Voices from the Road
Walking alongside convoys and clusters of people reveals intimate, wrenching details. Shadi Jawad, 47, described the day his family fled: “There were crowds everywhere, the sound of explosions, people crying. Our truck had a flat tyre and everything spilled on the road. I wanted to scream, but instead I looked up and prayed.” The prayer was not for deliverance from danger alone, but for an end to the exhaustion that has become daily life.
Transport to purportedly safer southern areas has become a grim market. People report that the cost of a lift south has surged — in some cases topping $1,000. Imagine a family paying the equivalent of a year’s wages for a single passage where shelter is no longer certain. “There are no tents, no money, no transport,” Aya said. “What are we supposed to do?”

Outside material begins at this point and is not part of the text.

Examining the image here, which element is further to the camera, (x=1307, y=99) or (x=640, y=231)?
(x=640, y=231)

Politics, Protests and the Global Response
The offensive has been met with outrage and condemnation internationally. A United Nations inquiry earlier accused Israeli officials of incitement and possible “genocide” — language that Israel has vehemently rejected as “distorted and false.” The probe’s head, Navi Pillay, likened aspects of the campaign to methods seen in Rwanda in 1994, and said she hoped responsible leaders would be held accountable.

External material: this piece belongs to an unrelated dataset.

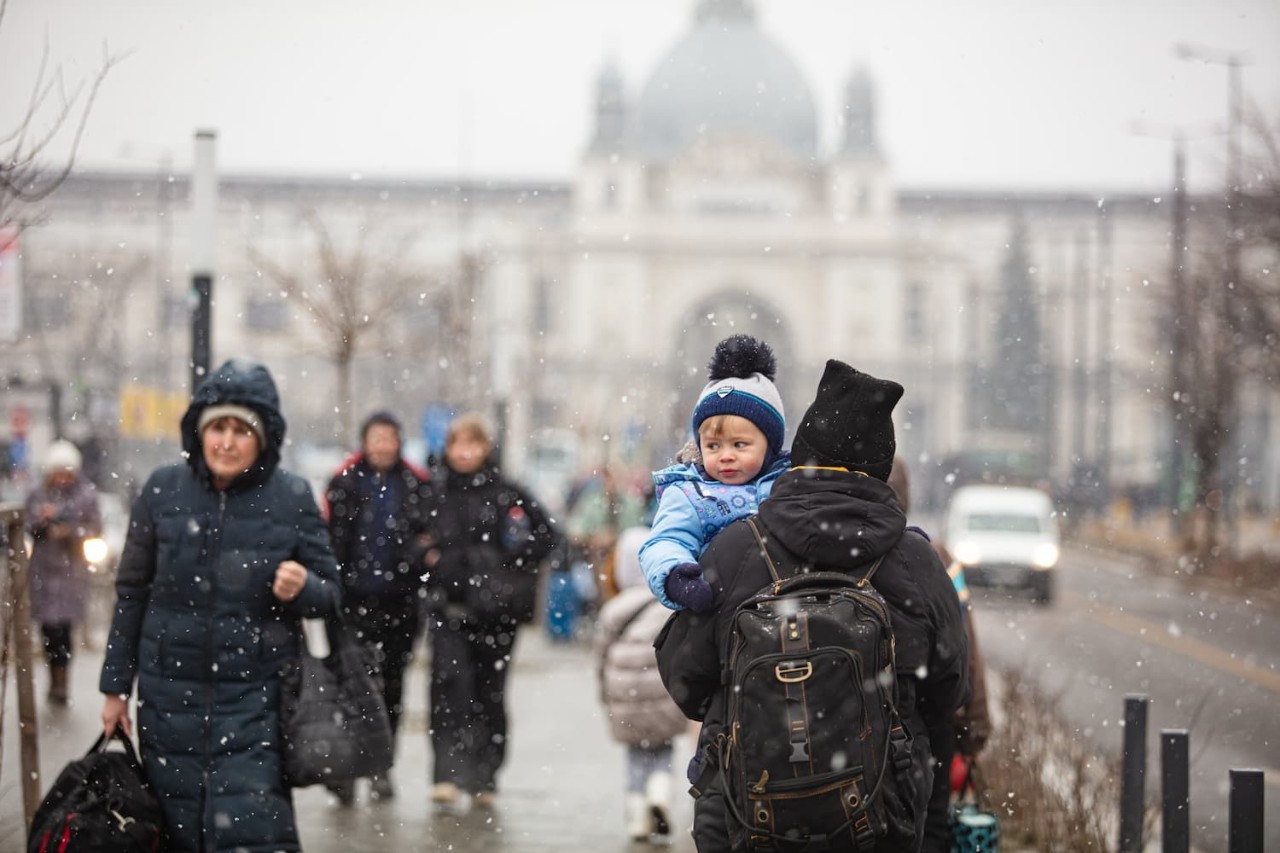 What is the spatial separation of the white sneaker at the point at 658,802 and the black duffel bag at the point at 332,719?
6.15 feet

Back home, the politics are raw and personal. Families of Israeli hostages who were taken in the October 2023 attack have protested against the pace and direction of operations, gathered outside the prime minister’s residence to demand action and answers. “My boy is dying over there. Instead of bringing him back, you have done the exact opposite — you have done everything to prevent his return,” Ofir Braslavski told the prime minister during one demonstration.

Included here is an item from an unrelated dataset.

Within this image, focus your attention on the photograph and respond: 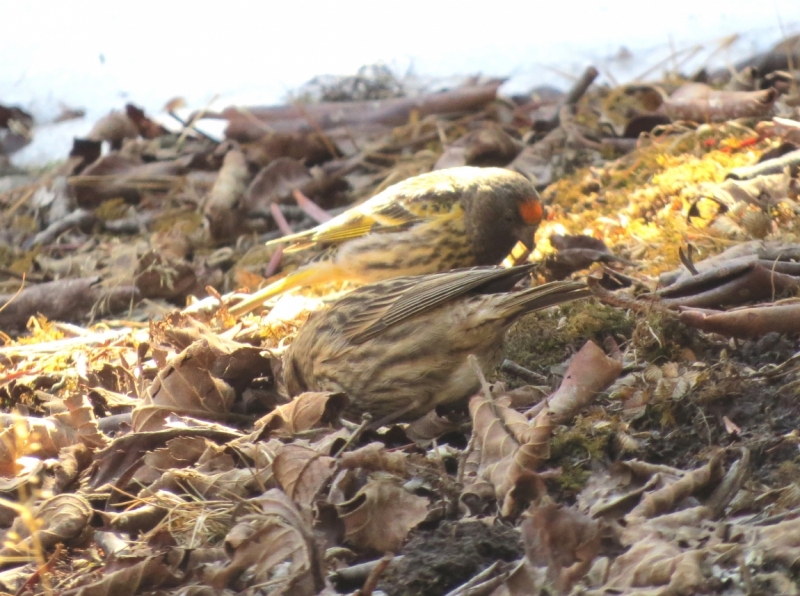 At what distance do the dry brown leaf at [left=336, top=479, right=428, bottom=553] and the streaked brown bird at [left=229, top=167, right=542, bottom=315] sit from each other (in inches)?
97.8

On the battlefield, Israeli forces say they are targeting what they call “Hamas terror infrastructure,” and report combat losses of their own, including four soldiers killed during operations in southern Gaza.
Why This Feels Like More Than a Local Tragedy
What is unfolding in Gaza taps into global anxieties about war, displacement, and the limits of international law. We live in a world where images travel fast but solutions move slowly. Supply convoys are delayed by security checks, aid workers face mounting risks, and political parries play out in international courts and social media feeds.
When I stood near a UN school converted into a shelter, a child held a stuffed animal that had lost its eye. “It doesn’t sleep,” his mother told me. “We keep it for luck.” Luck, in these circumstances, is fragile. The refugee crisis in Gaza is not an isolated episode; it is part of a pattern we see elsewhere — families pushed into protracted displacement, health systems collapsing, and the most vulnerable paying the heaviest price.
Questions to Hold Open
As you read this, ask yourself: what does solidarity mean when the channels of communication are cut off? How do we hold leaders and armed groups accountable when facts are contested and access limited? And finally, how do we measure responsibility in a conflict that has left entire neighborhoods emptied and thousands dead?
There are no easy answers. But the faces on the roads — the mothers cradling babies, the old men leading donkeys, the teenagers carrying what remains of their lives — are a constant reminder that beyond statistics lie human stories that demand more than indifference. They demand urgent attention and, if possible, a durable end to the violence that makes displacement and hunger routine.
For now, as the smoke continues to rise over Gaza City, the question that echoes from street to street is elemental and heartbreaking: where can people go to be safe, and who will make that safety possible?